Task description => The output should match, line for line, the records from the line containing "Hello, thank you" through the line containing "Now, everyone says", with every picture left out.

Provided entries =>
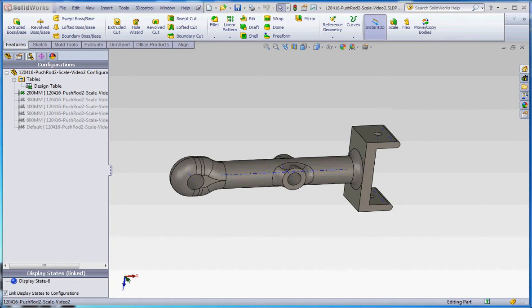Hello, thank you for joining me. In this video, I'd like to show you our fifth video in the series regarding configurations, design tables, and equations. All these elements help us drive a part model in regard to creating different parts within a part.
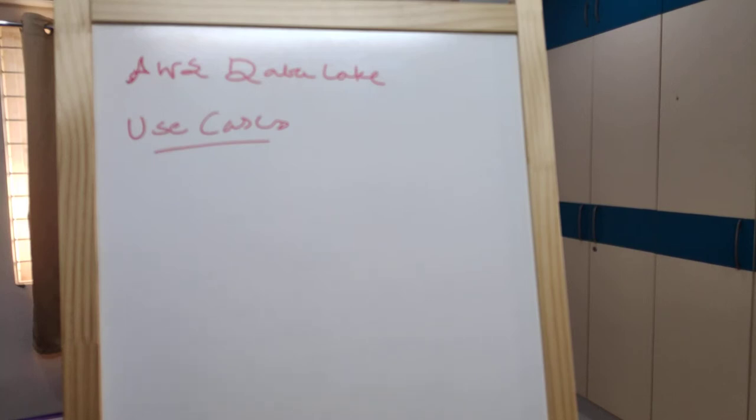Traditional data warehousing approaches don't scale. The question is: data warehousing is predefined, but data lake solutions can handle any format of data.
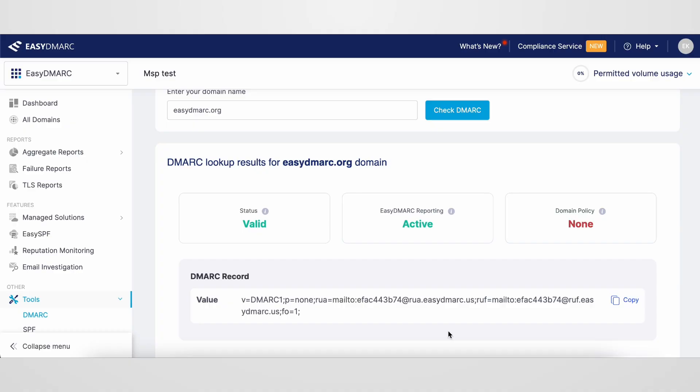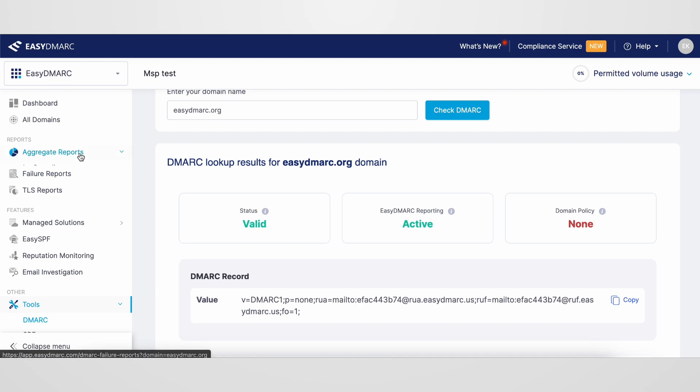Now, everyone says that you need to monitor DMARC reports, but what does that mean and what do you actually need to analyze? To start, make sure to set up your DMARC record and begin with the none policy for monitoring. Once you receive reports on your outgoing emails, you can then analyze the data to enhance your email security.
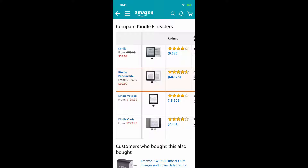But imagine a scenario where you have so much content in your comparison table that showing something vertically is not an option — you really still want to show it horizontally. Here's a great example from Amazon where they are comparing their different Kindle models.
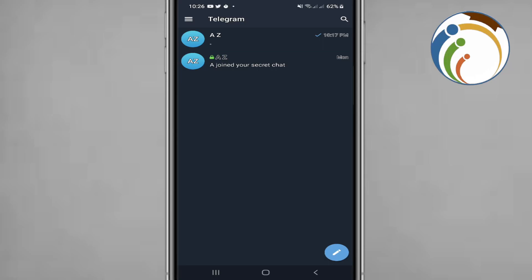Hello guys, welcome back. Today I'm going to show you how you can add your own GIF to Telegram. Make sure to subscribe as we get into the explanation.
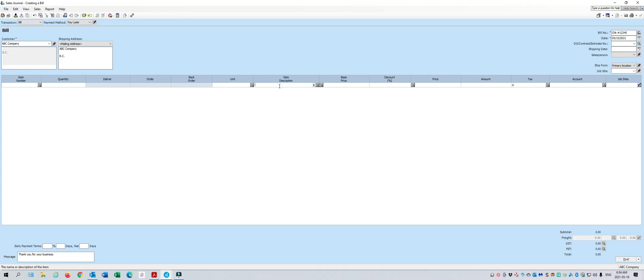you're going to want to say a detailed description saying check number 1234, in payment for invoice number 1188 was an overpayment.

...

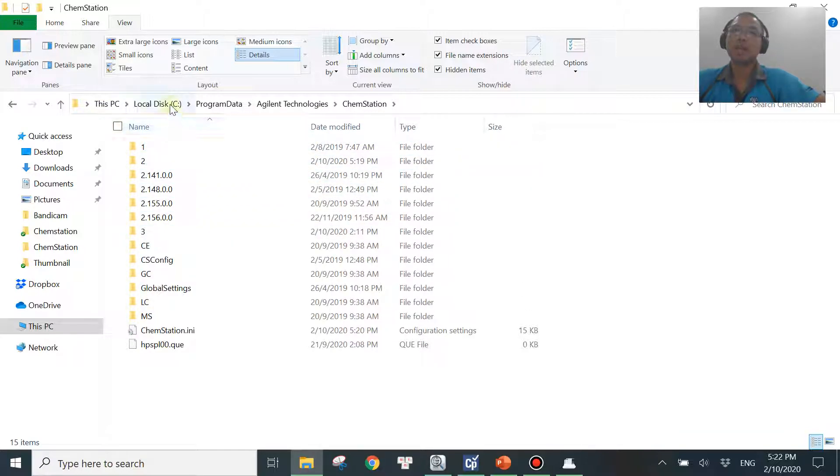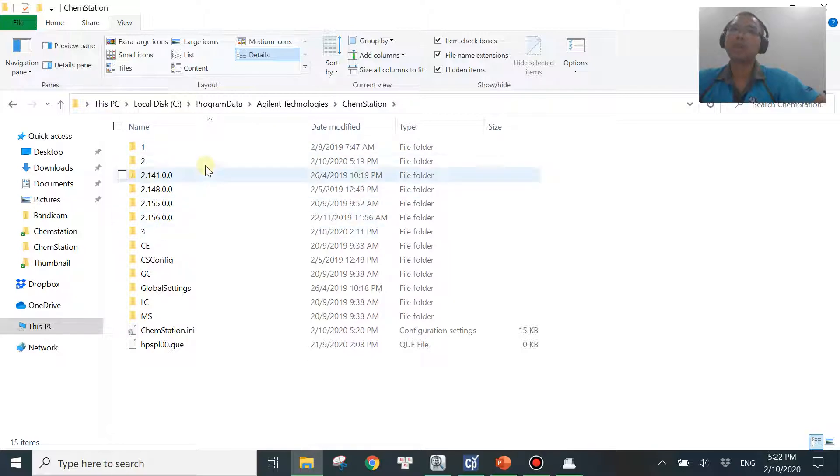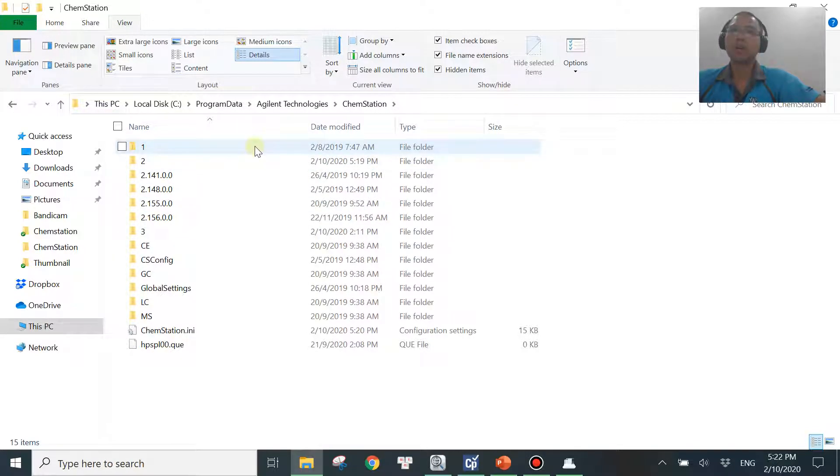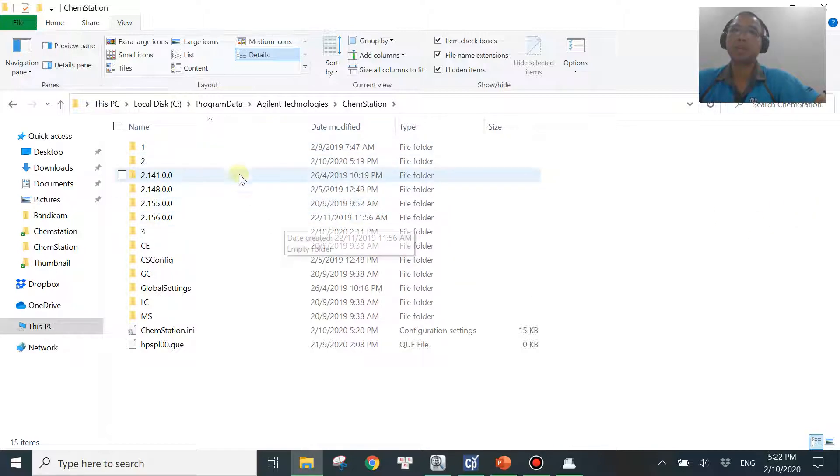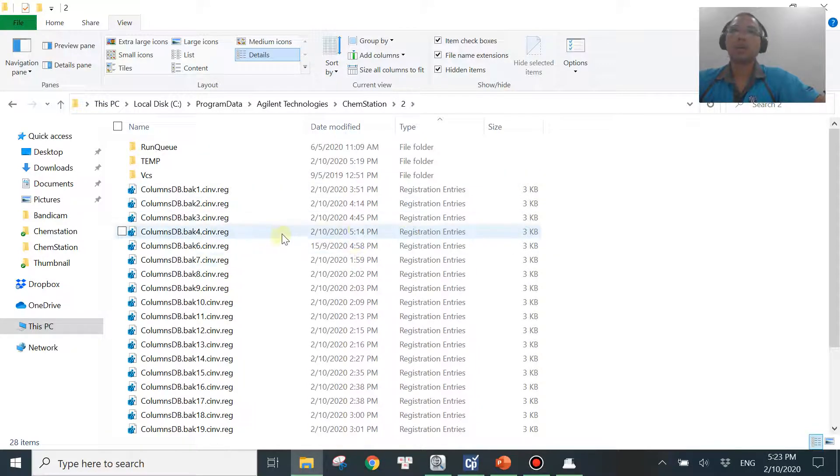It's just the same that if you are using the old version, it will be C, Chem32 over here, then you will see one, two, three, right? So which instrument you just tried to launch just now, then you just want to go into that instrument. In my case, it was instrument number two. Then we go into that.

Solution for this exercise =>
Hello, thank you for joining me. In this video, I'd like to show you our fifth video in the series regarding configurations, design tables, and equations. All these elements help us drive a part model in regard to creating different parts within a part.
Traditional data warehousing approaches don't scale. The question is: data warehousing is predefined, but data lake solutions can handle any format of data.
Now, everyone says that you need to monitor DMARC reports, but what does that mean and what do you actually need to analyze? To start, make sure to set up your DMARC record and begin with the none policy for monitoring. Once you receive reports on your outgoing emails, you can then analyze the data to enhance your email security.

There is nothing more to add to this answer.